Source data: Begin
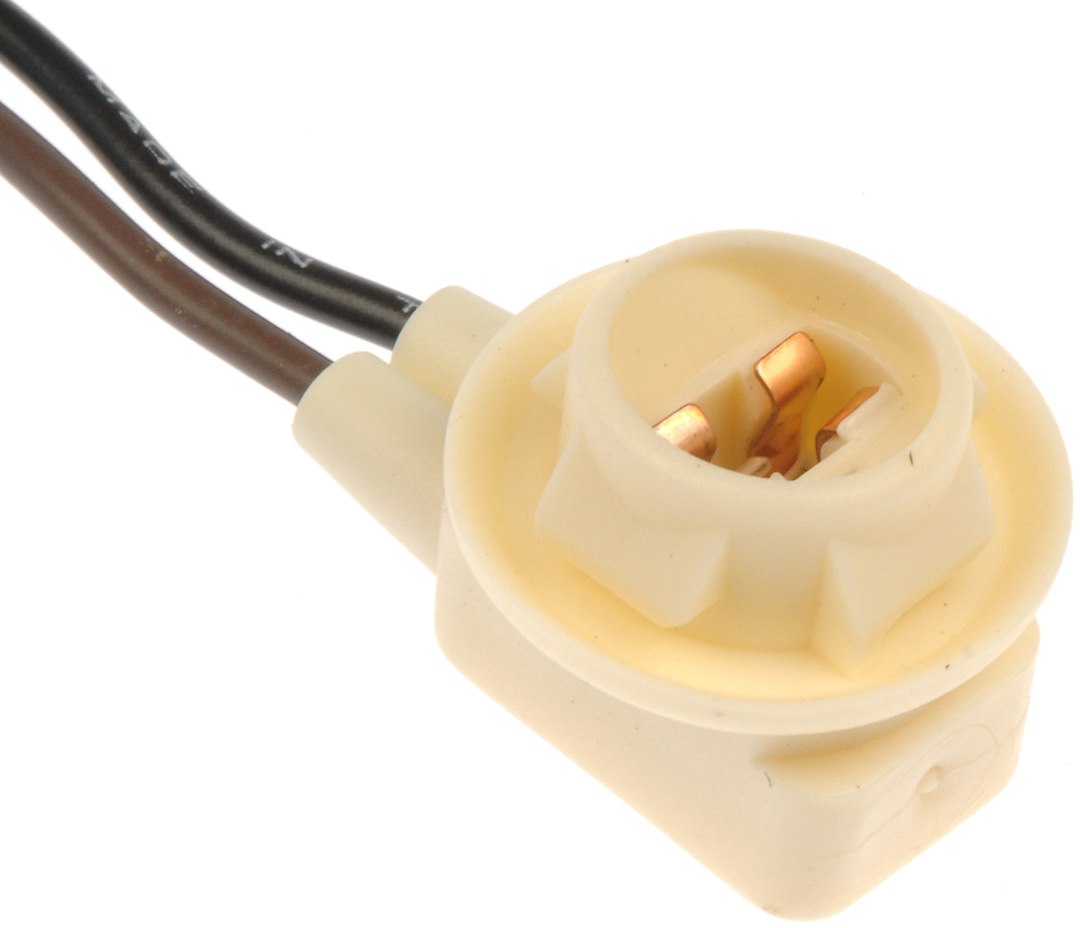 Dorman 85868 License and Side Marker Push-In Bulb Socket - image 3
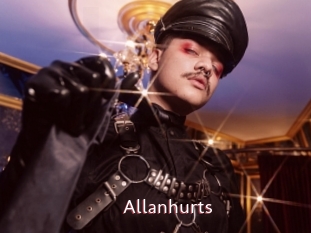 Allanhurts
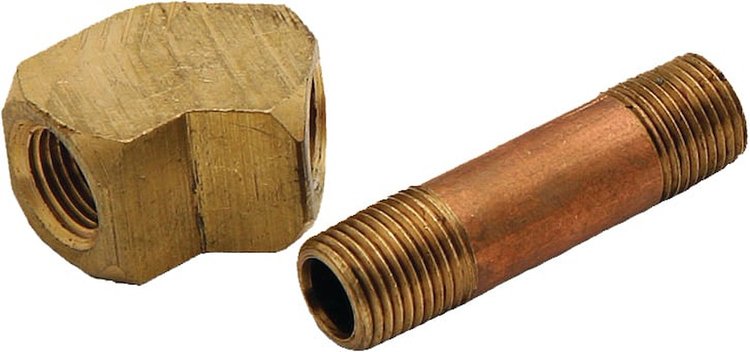 Oil Pressure Bushing Kit GM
Source data: End
» **Problem to solve**:
Reproduce the listing exactly, but keep its images out of the copy.

» **Expected answer**:
 Dorman 85868 License and Side Marker Push-In Bulb Socket - image 3
 Allanhurts
 Oil Pressure Bushing Kit GM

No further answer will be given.